Instructions to follow
The pictures are to be dropped, and the records below are to be restated word for word.

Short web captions
···

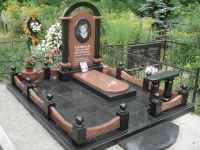 Памятник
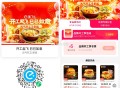 饿了么搜【8888】 ,有20-5全品pai商家埢 双叠加 ,牛约堡、一鸣真鲜奶吧、蒙自源  ,永和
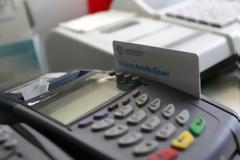 Απάτη με τον ΦΠΑ μέσω διαδικτυακών καταστημάτων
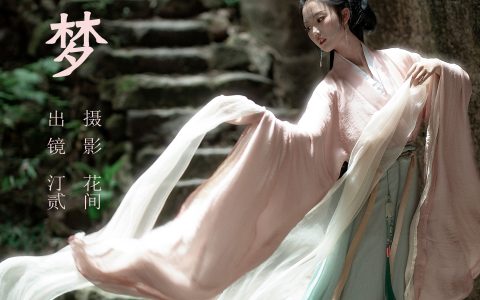 八千梦 – YiTuYu艺图语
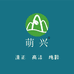 福建萌兴茶仓超市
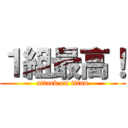 １組最高！ (attack on titan)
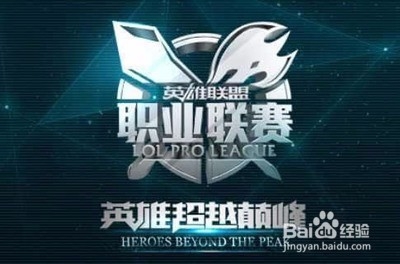 巴黎需要调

···

Expected answer
 Памятник
 饿了么搜【8888】 ,有20-5全品pai商家埢 双叠加 ,牛约堡、一鸣真鲜奶吧、蒙自源  ,永和
 Απάτη με τον ΦΠΑ μέσω διαδικτυακών καταστημάτων
 八千梦 – YiTuYu艺图语
 福建萌兴茶仓超市
 １組最高！ (attack on titan)
 巴黎需要调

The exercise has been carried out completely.